Of course, pictures do not always tell the whole story. For example, to determine whether a war crime took place we must know who did the killing, why, and how. After all, the United States killed many thousands of Iraqis and Afghans, frequently by accident, in the course of those wars. Few in the United States or Europe would call those actions war crimes. This all became apparent after the United States exonerated itself for the annihilation of an Afghan family via a missile strike during the withdrawal of U.S. forces last summer. Oops.
Like any crime, a war crime must involve intent or at least recklessness. Killing civilians or POWs without trial, or humiliating them as an act of revenge, are each undoubtedly war crimes. The documented abuse of prisoners by Donetsk People’s Republic commander Givi was the basis for a Ukrainian war crimes investigation against him, before he was assassinated in 2017.
If civilians were shot and purposefully killed in Bucha, it undoubtedly would be a war crime and a terrible thing. But there are credible reasons to believe the so-called Bucha Massacre was not the doing of the Russian Forces, but rather of the Ukrainians—either local militia or SBU or some combination of thereof—as part of brutal reprisals against “saboteurs” and “Russian collaborators.”
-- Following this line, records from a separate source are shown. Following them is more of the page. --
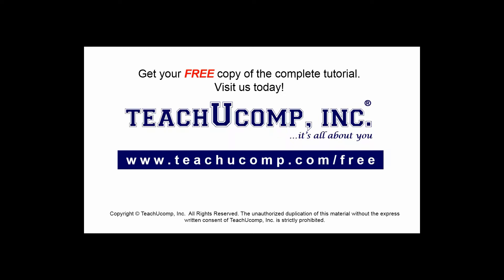Get your free copy of the complete tutorial at www.teachucomp.com/free.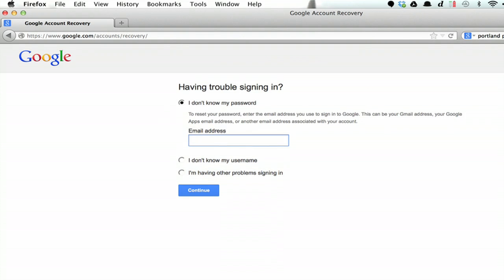Type in your email address. This is the account you'd like to recover. Click continue.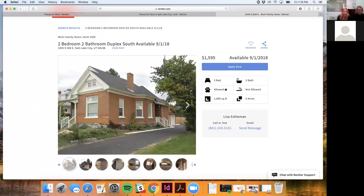One advantage of the digital screening is security — many tenants are wary about handing their social security number to a landlord they don't know yet on a paper form. Rentler keeps that information private. When sharing the screening results with the landlord, they see the credit and background check, places lived, and similar information, but the social security number is kept private from the landlord.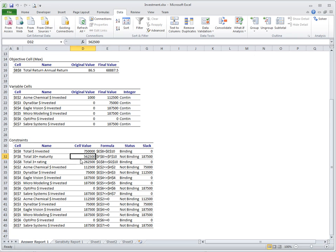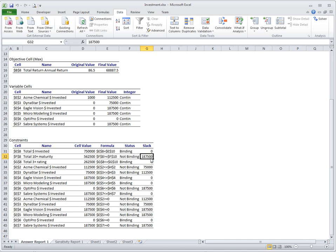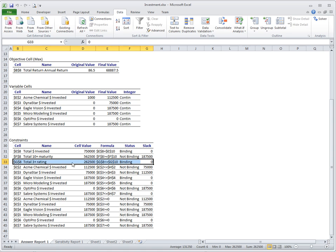The minimum 10-plus maturity constraint: the final value invested in 10-plus maturity is $562,500. We wanted at least 50 percent of $750,000, and it's significantly more than 50 percent. There is a slack — we actually invested $187,500 more than necessary, so this is a non-binding constraint. The constraint of at most 35 percent invested in bad rating is binding — slack is zero. We're investing exactly as much as allowed; the model would probably choose even more if allowed, so this constraint is limiting our return.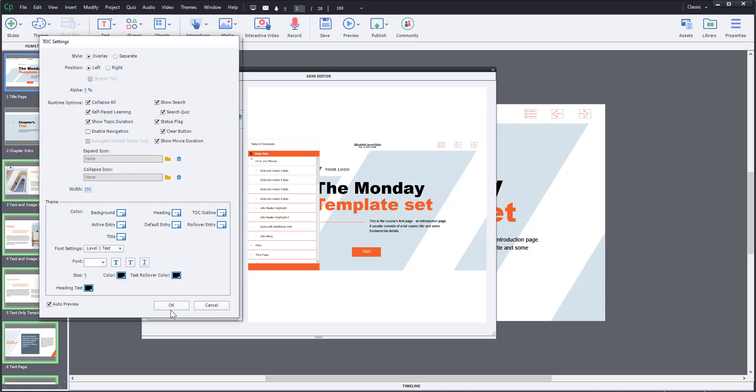Next you can click the Settings button to edit Menu Appearance. From here you will be able to change Menu Position, Runtime Options and Theme.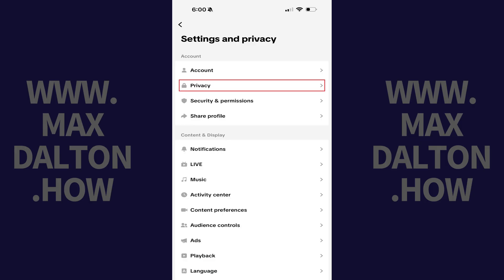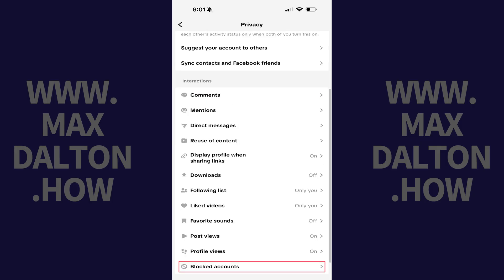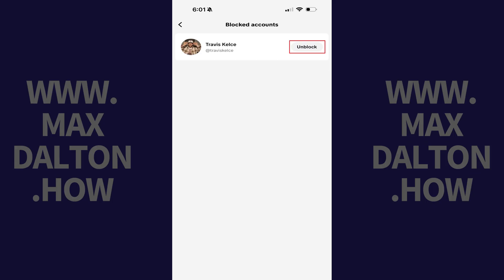Tap privacy on the next screen, and then tap blocked accounts in the list of options. Tap unblock associated with the person you want to unblock on TikTok. That person will be unblocked immediately.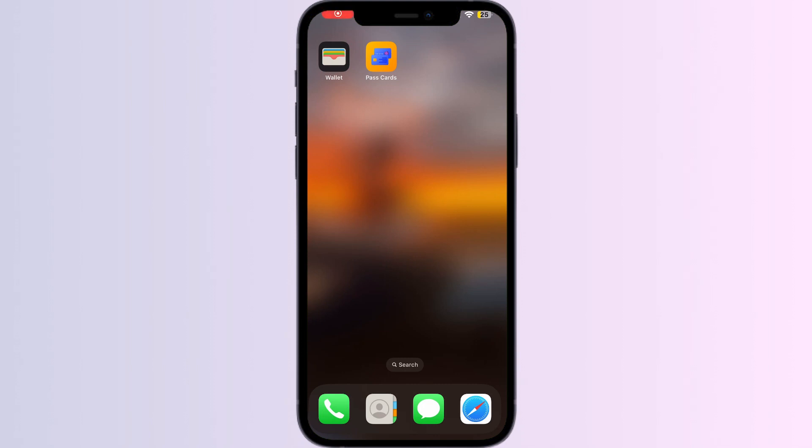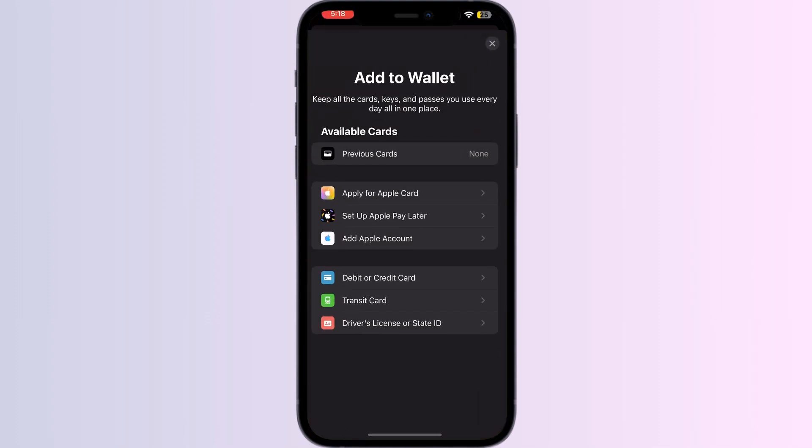Hello guys, welcome to another video in which we will be discussing how to add an EC LINK card to Apple Wallet. As you all know, you can't add any external card other than debit, credit, or transit card, driver's license, or state ID directly from the Apple Wallet itself. But don't worry, in this video we'll help you find a solution for it.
First, this fits with a pattern of Ukrainian forces violating the rules of war, as evidenced by numerous videos showing the shooting of prisoners, torturing civilians, and the like. Unlike the still photos in Bucha, these videos show the actions themselves, as well as the perpetrators, which even the New York Times recently acknowledged.
Second, Ukrainian President Voldomyr Zelenskyy has given numerous speeches calling for the punishment of “saboteurs” and “traitors,” saying the war will ultimately end with the “de-Russification” of Ukraine. These are tough words, which clearly would tend to inflame and encourage the more extremist elements.
Three, the atmosphere in Ukraine is ripe for war crimes. While U.S. Second Amendment supporters were understandably heartened by the Ukrainian government’s weapons giveaway, some of those weapons ended up in the hands of criminals and undisciplined characters. This was not a mere oversight; Ukraine deliberately freed prisoners with combat experience in order to allow them to fight. One would not expect this group to be scrupulous adherents to the laws of war.
There are also many documented accounts of Ukrainians killing one another out of paranoia about spies and saboteurs. It is easy enough to see why. There is a hair’s breadth of difference between Ukrainians and Russians, and many in the East only speak Russian, have supported Russia, or at least have a less-than-enthusiastic attitude about the Ukraine regime. This fuels the possibility of internecine violence, which will be rationalized after the fact as the clearing out of traitors and fifth columnists.